**Problem statement**:
What lines in the records below mention "plus"? List them all.
★ ★ ★ ★
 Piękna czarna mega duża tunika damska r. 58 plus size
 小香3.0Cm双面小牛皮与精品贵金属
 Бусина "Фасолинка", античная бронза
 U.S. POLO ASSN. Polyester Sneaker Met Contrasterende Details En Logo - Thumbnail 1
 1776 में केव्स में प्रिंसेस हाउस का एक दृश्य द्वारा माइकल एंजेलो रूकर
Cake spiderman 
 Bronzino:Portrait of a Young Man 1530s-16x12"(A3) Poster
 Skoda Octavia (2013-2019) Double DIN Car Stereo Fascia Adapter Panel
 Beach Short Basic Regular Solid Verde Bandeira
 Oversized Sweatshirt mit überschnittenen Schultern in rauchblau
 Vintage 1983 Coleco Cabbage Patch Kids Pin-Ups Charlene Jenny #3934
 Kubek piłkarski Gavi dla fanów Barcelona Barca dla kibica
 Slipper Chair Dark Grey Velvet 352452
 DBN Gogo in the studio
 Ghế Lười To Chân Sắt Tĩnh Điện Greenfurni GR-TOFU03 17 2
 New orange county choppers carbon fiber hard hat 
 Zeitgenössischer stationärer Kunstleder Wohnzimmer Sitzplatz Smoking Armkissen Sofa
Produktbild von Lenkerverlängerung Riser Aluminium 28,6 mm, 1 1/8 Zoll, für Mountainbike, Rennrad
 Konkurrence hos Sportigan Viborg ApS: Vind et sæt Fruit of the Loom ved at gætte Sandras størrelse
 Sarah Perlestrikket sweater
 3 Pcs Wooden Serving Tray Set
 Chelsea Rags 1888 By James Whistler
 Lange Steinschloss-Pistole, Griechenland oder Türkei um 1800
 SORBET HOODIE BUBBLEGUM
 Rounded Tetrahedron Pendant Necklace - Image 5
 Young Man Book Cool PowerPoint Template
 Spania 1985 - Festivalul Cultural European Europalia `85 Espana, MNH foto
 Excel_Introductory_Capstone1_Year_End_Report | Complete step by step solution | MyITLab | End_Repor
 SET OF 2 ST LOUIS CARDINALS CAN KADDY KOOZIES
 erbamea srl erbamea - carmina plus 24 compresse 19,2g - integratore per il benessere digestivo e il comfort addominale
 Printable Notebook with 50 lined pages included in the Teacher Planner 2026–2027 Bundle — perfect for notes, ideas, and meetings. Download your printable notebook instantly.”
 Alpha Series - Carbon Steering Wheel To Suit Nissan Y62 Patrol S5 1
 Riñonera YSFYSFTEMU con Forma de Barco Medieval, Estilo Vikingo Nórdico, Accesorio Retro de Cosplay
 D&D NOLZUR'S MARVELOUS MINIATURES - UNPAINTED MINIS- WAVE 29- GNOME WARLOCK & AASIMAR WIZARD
★ ★ ★ ★
**The answer**:
 Piękna czarna mega duża tunika damska r. 58 plus size
 erbamea srl erbamea - carmina plus 24 compresse 19,2g - integratore per il benessere digestivo e il comfort addominale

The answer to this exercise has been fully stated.